From the original questioner
I looked at Bluebeam, Caliper, and Plan Swift. I'm having some trouble seeing the benefit given the way we bid. I run materials and labor with ProjectPak. I could use these to get door sq. ft. but that's about all I can see. What am I missing? I do like the idea of on screen bidding. The printed plans now seem like yesterday.

From contributor B:
Perhaps we should take a deeper look at how you're estimating with ProjectPAK. Are you using products? If you quote me a two door base cabinet, can you pull it out of your library in one shot and resize it, then print it off?

From the original questioner
I do a materials and labor breakdown. I figure door square foot, and all different door styles and materials are in the library. Same with exterior and interior materials, I figure how many sheets each. Then everything else, Lazy Susan, hinges, mouldings, etc. I have Assemblies set up for drawers and roll outs. I have sub-assemblies set up for euro, and frame cabinets that include groups for materials, labor, drawer/roll out assemblies, painting, finishing, delivery and installation.
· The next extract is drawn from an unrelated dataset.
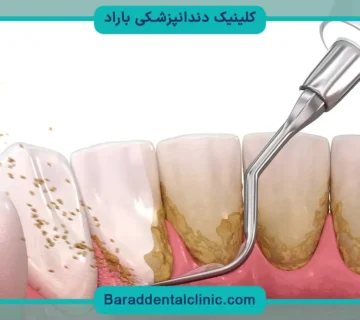 کاشت دندان پل ثابت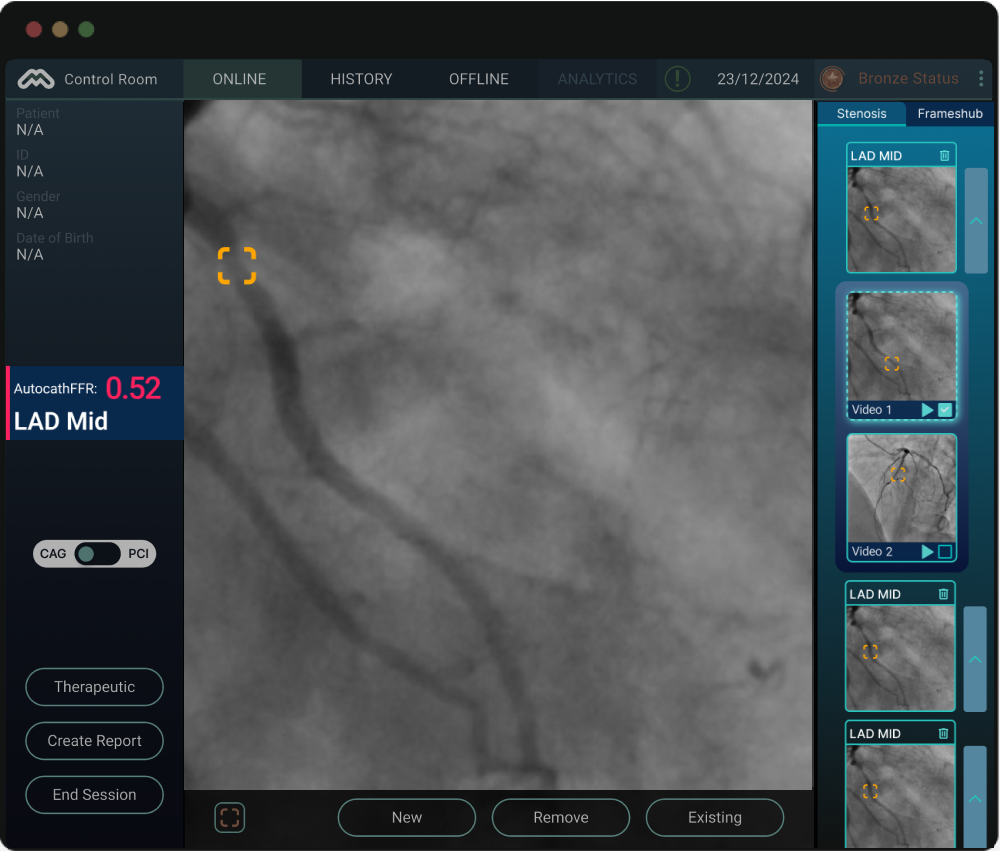 Old UI: manual artery selection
This way I can go in and change materials if a customer want to compare P.G. with cherry, and I can change drawer count, and anything else pretty easily. I never could get in the style of bidding boxes, we are a custom residential shop, high end.

From contributor C:
We have a Lanier 420c MFP at the office we bought used for 3200 and pay the monthly service contract for them to get the headaches- they get them too. After printing on the 11x17 I bought a used plotter for $600 and did fine for a year. I just bought a used Lanier 324 wide format and keep just 36" paper as Contributor F mentioned. We added up inkjet on the 420c and it was a no brainer. Then we added up the cost of ink cartridges and the headaches of the plotter and the wide format became a no brainer too.